2014-10-07 04:44:49 UTC

I've created a RAID5 on 5 identical SATA disks. Doing some performance measurements
with dd I get a disappointing performance.
A dd with bs=1M on a btrfs created on md0 transfers about 110 MB/s. (both read and write)
A dd on md0 has the same write speed but only about 20 MB/s on read.
In all of the tests I hear the disk constantly seeking. This was also the case
during creation of the array.
I also created a RAID4 to make sure that I doesn't get fooled by the stripe layout of RAID5.
Now I get about 110 MB/s for write and 230 MB/s for read on md0. But the constant
seeking is still present for both read and write and during creation of the array.

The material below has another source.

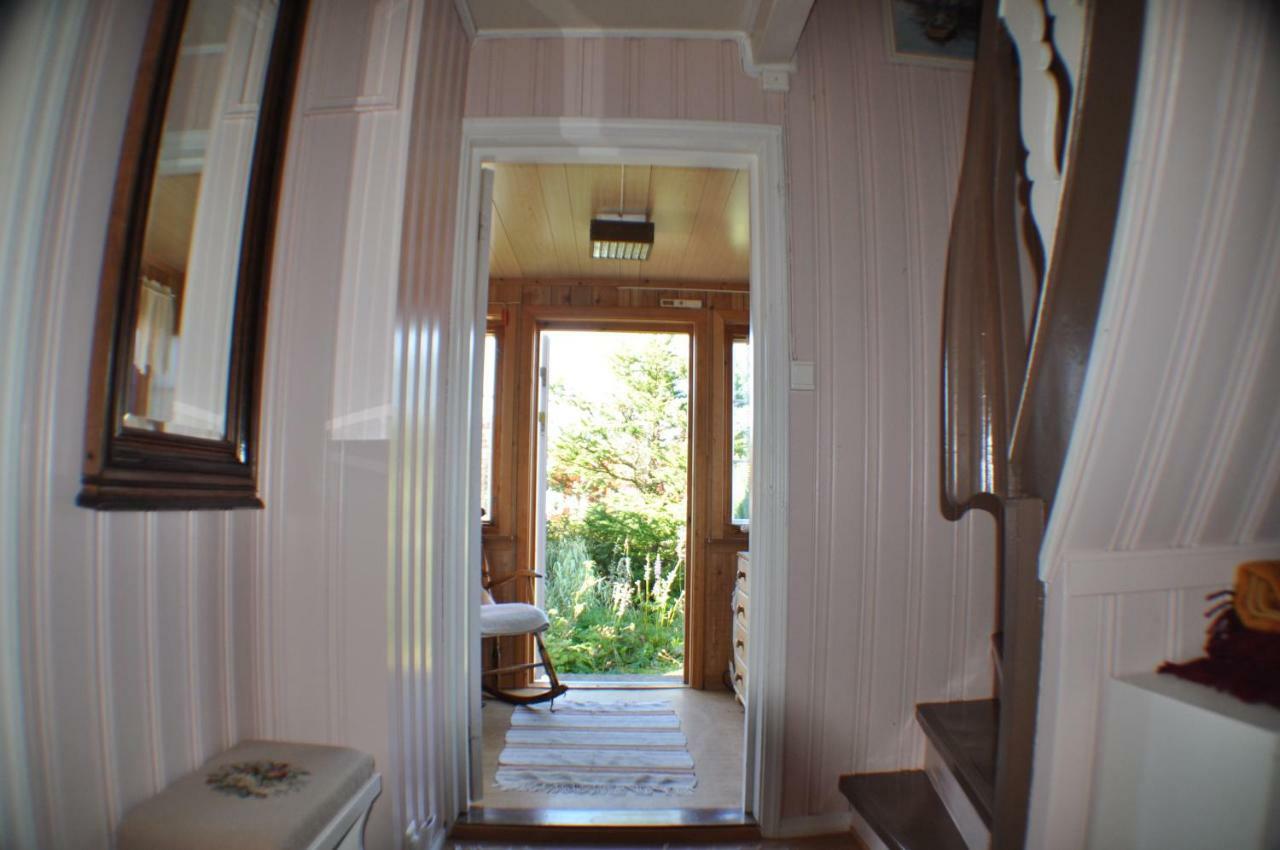 Holiday home 5-bedroom House In Lofoten *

Why are the disk perform so many seek operations? I think a sequential access on md0 should
cause a sequential access on the individual disk.

I have to add that I did something unusual: I created the RAID4/5 with a chunk size of 4KiB.
The idea of this was that when I'm going to use btrfs with the default nodesize of 16KiB
all node write will fill a full stripe and there won't be any RMW at all. (both fortunate
for performance and integrity in a power loss situation.)
Nevertheless I think a sequential access on the array should cause a sequential access on the
disks for any chunk size if the read/write block size is a exact multiple of
the (numdisks-1)*chunk size.

Is there any explanation for the seeks and how do I get rid of them?

Patrick
--
To unsubscribe from this list: send the line "unsubscribe linux-raid" in
the body of a message to ***@vger.kernel.org
More majordomo info at http://vger.kernel.org/majordomo-info.html

Robin Hill

2014-10-07 07:43:47 UTC

Permalink

Post by P. Gautschi
I've created a RAID5 on 5 identical SATA disks. Doing some performance measurements
with dd I get a disappointing performance.
A dd with bs=1M on a btrfs created on md0 transfers about 110 MB/s. (both read and write)
A dd on md0 has the same write speed but only about 20 MB/s on read.
In all of the tests I hear the disk constantly seeking. This was also the case
during creation of the array.
I also created a RAID4 to make sure that I doesn't get fooled by the stripe layout of RAID5.
Now I get about 110 MB/s for write and 230 MB/s for read on md0. But the constant
seeking is still present for both read and write and during creation of the array.
Why are the disk perform so many seek operations? I think a sequential access on md0 should
cause a sequential access on the individual disk.
I have to add that I did something unusual: I created the RAID4/5 with a chunk size of 4KiB.
The idea of this was that when I'm going to use btrfs with the default nodesize of 16KiB
all node write will fill a full stripe and there won't be any RMW at all. (both fortunate
for performance and integrity in a power loss situation.)
Nevertheless I think a sequential access on the array should cause a sequential access on the
disks for any chunk size if the read/write block size is a exact multiple of
the (numdisks-1)*chunk size.
Is there any explanation for the seeks and how do I get rid of them?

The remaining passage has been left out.